Okay. So I’m looking for an unconventional and well-written Western.
My problem is that either the same five books or authors keep getting recommended, OR the recommendations are essentially for WINOs—Westerns In Name Only. I’m fine with Westerns that take place after 1900 or centered on nonwhite, non-hetero, non-male characters, but any description that begins, “In an alternate reality…a different planet…in a post-apocalyptic America…” is one I automatically put down.
(And hey. Please don’t recommend Blood Meridian. I love McCarthy, but cannot break into this book. And sorry to McMurtry stans, but Lonesome Dove just left me cold. And again, sorry to fans, but I hated The Sisters Brothers.)
Here are some that I’ve thought were genuinely amazing. I’d love more like these:
- True Grit
Sometimes over the top dialogue, but it was so smart and punchy, and the characters were distinct and complex.
- Butcher’s Crossing
So incredibly brutal about the absolute useless waste of hunting the buffalo into near-extinction—and a gut punch of an ending.
- The Homesman and also The Shootist.
Both unexpected and richly complex looks at the traditional mythic roles of the West.
- No Country for Old Men
The incredibly compressed, poetic language and the starkness and inevitability of the plot is unequaled.
- The Power of the Dog
The compressed, focused drive for revenge here was utterly absorbing.
- Brokeback Mountain.
The two shirts. The two shirts. God.
Anyway, thank you!!
So…any suggestions like these?
by SarcasticFungus2468
2 Comments
Angle of Repose – Wallace Stegner
What do you mean by unconventional westerns? Would something like The Heavenly Table by Donald Ray Pollock be interesting? Two people deciding to go on a robbing spree through the west in the 1920s with a darkly humorous tone?
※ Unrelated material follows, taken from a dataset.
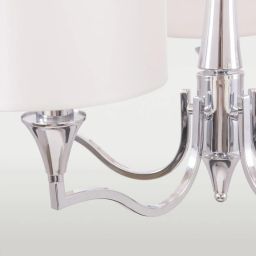 CosmoLight Washington lampa wisząca 5x40 W biała-nikiel P05915NI-WH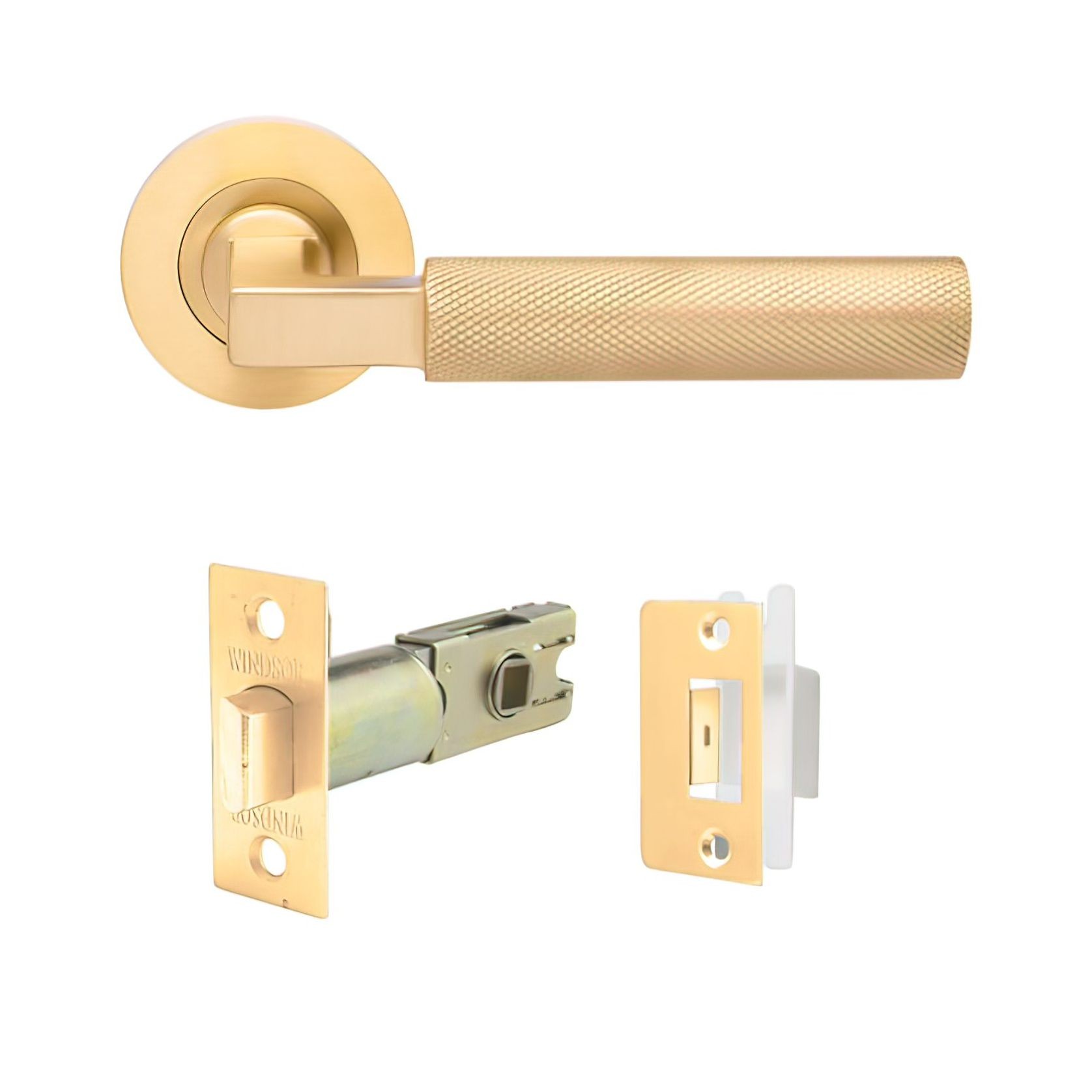 Zanda Zurich Door Handle Lever Set Satin Brass gallery detail image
If you’re fine with straight laced regular literary westerns then I strongly recommend looking into Elmore Leonard’s westerns. They were the basis of many classic western movies. Sharp dialogue, great characters, fantastic action scenes and they’re 100% set in the actual old west and not post-apocalyptic or weird west.
And if you like his westerns, you can try his crime fiction too, which are still basically westerns but in more modern settings.